Dante’s own love for Christmas is palpable throughout, and he litters the film with amusing references amongst the creature mischief and carnage. He also has fun subverting the traditions associated with the season, and this is particularly apparent when a main character reveals why she doesn’t join in with celebrations, owing to the death of her father who broke his neck whilst emulating Santa and attempting to climb down the family’s chimney.

The Gremlins themselves are a fantastically evil creation, and the air of menace and danger is much more evident here than in the sequel, which opted for a more comedic, knockabout tone. In the days before CGI, the model work on display is pretty impressive, even with the limitations that process brings. The Mogwai and their green transmutations all possess distinctive personalities and the strong creature design and puppetry really help bring out those characteristics.

In fact, the effects work sometimes threatens to overshadow the sketchily-drawn human characters and the actors who inhibit them. Leads Zach Galligan and Phoebe Cates (fresh from being the object of lust for young American males in Fast Time in Ridgemont High) are appealing if a little bland, and the performance of the principal human villain (the spiteful and cantankerous town matriarch Mrs Deagle) is very broad and veers a little too close to out-and-out caricature at times.

It’s definitely the Gremlins show and it’s easy to forget just how vicious and deadly they can be during the scenes which are more slapstick and spoofy in nature. That the cinema turns out to be the only place where they are visibly (and hilariously) enraptured is a wonderful moment and a fun comment on the power of the moving image.
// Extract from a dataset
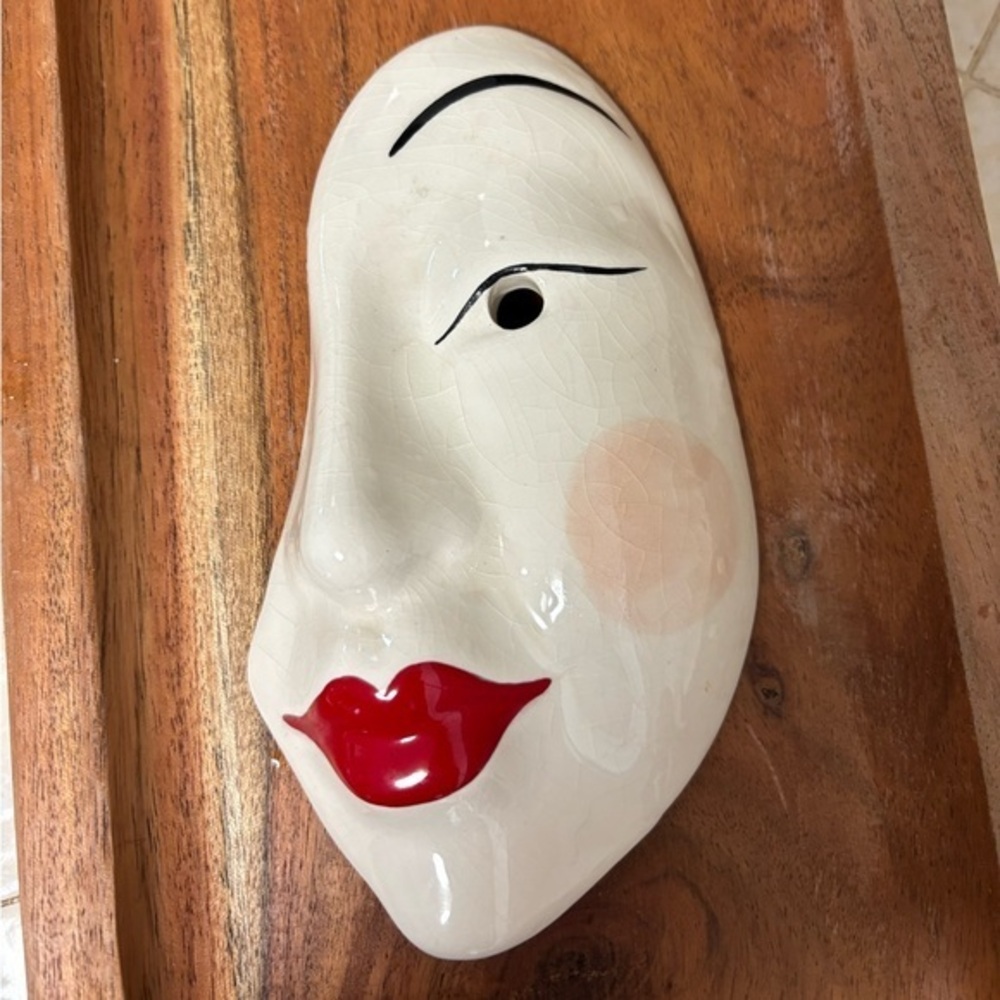 Vintage “Cast of Thousands” Ceramic Mask Ceramic  Red Lips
Gremlins was the fourth highest-grossing film of that year (Beverly Hills Cop, Ghostbusters and ‘Temple of Doom’ took the top three slots) and while it certainly hasn’t aged as well as Amblin stablemates, Back to the Future and The Goonies (it’s a very uneven film in terms of pacing and structure), there’s still much fun to had here, and it’s the perfect respite for those who tire of the overabundance of mawkish festive material which bombard our cinema and TV screens each year.